• _THE TASK_
Please copy all of the entries exactly, but drop every picture.

[[ SUPPLIED MATERIAL open ]]

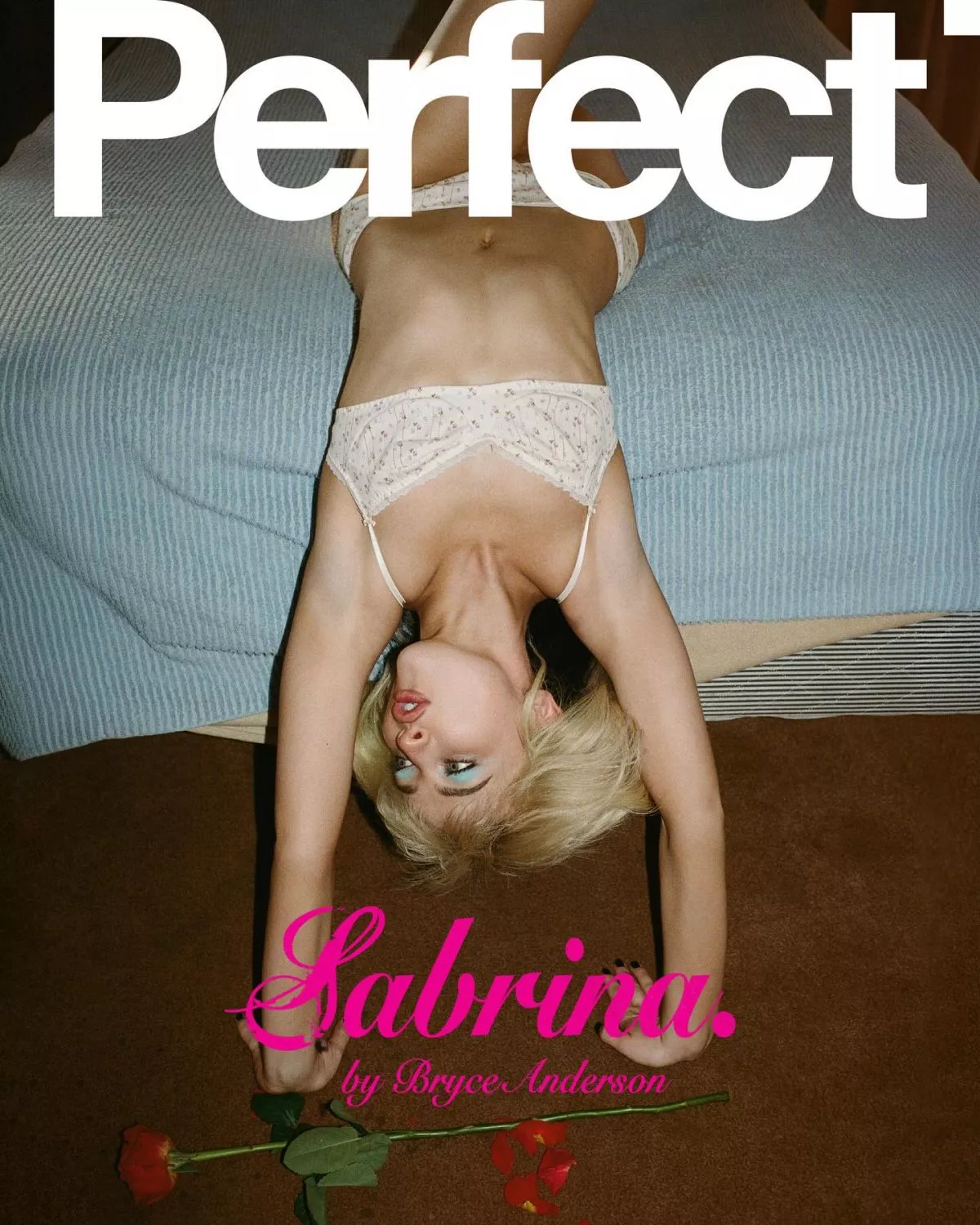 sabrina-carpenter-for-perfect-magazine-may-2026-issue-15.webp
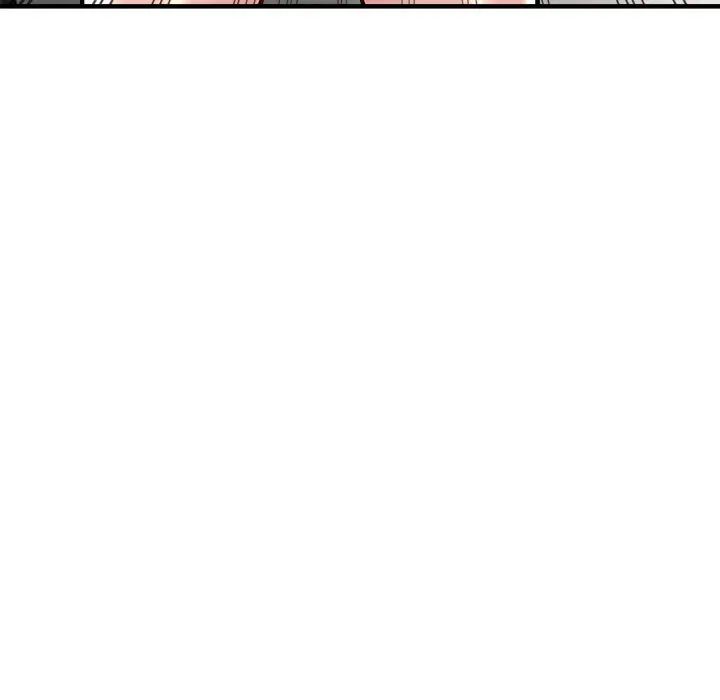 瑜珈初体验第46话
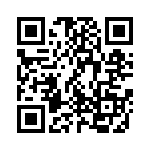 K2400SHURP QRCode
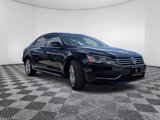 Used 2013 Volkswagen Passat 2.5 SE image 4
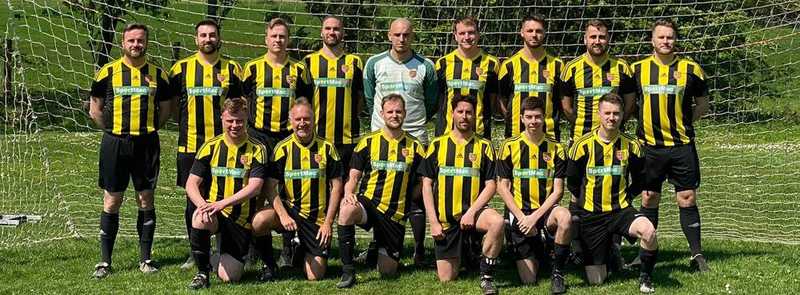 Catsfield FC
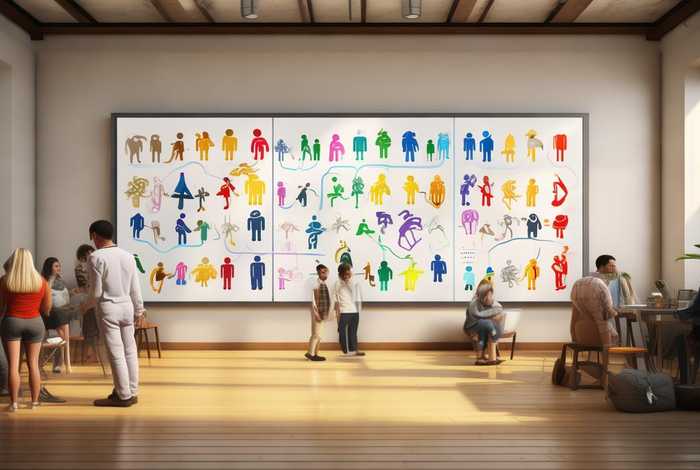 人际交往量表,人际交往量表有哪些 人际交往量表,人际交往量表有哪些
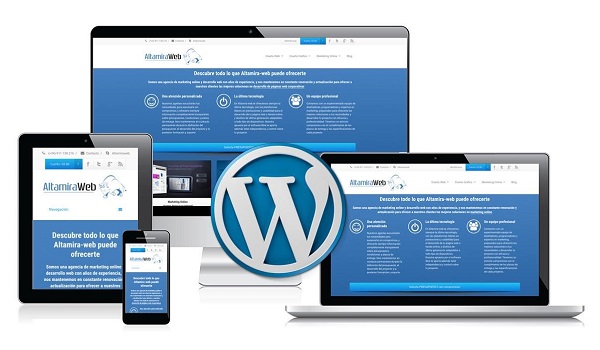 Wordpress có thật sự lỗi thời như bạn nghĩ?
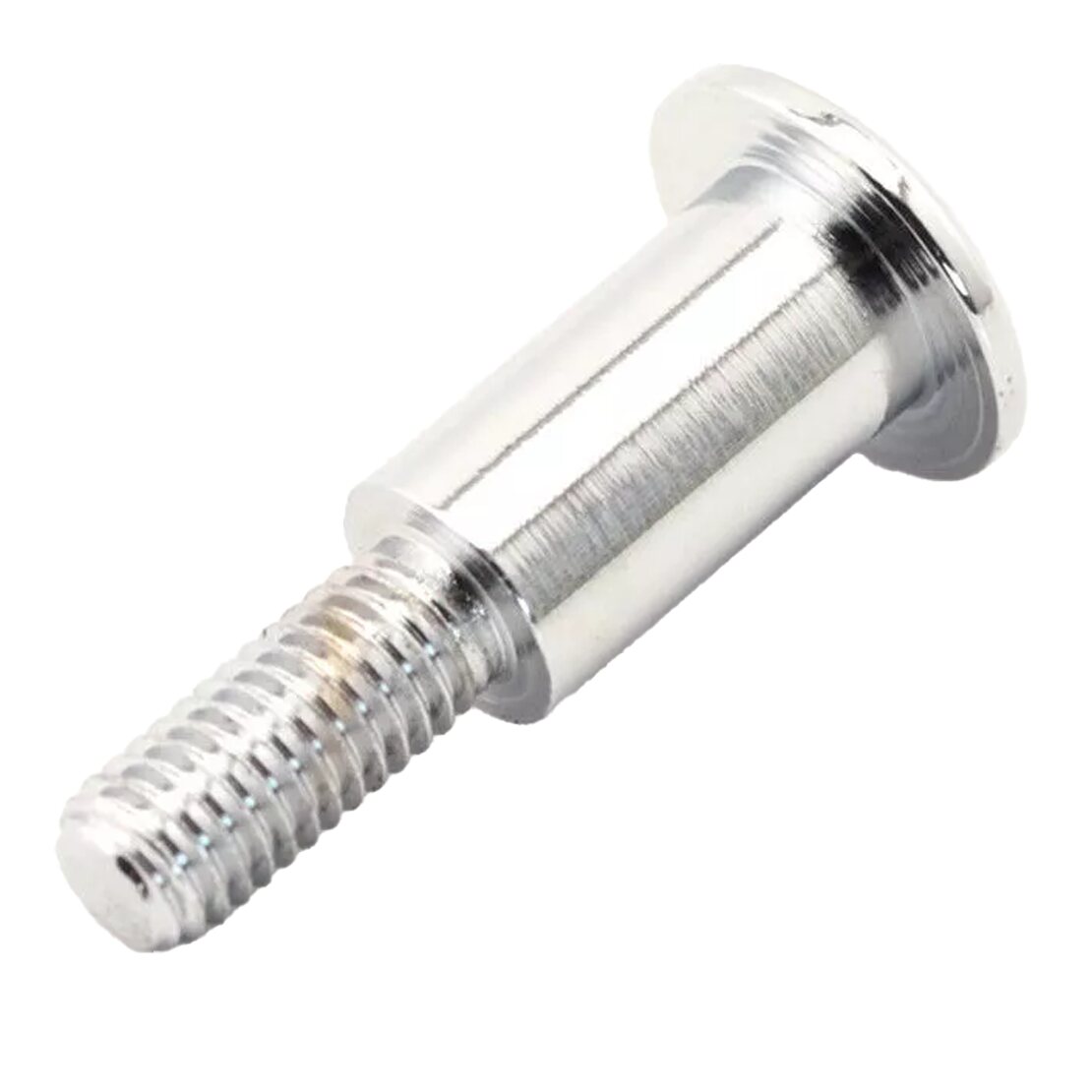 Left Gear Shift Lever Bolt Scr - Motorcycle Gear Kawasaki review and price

[[ SUPPLIED MATERIAL closed ]]

• _RESPONSE_
 sabrina-carpenter-for-perfect-magazine-may-2026-issue-15.webp
 瑜珈初体验第46话
 K2400SHURP QRCode
 Used 2013 Volkswagen Passat 2.5 SE image 4
 Catsfield FC
 人际交往量表,人际交往量表有哪些 人际交往量表,人际交往量表有哪些
 Wordpress có thật sự lỗi thời như bạn nghĩ?
 Left Gear Shift Lever Bolt Scr - Motorcycle Gear Kawasaki review and price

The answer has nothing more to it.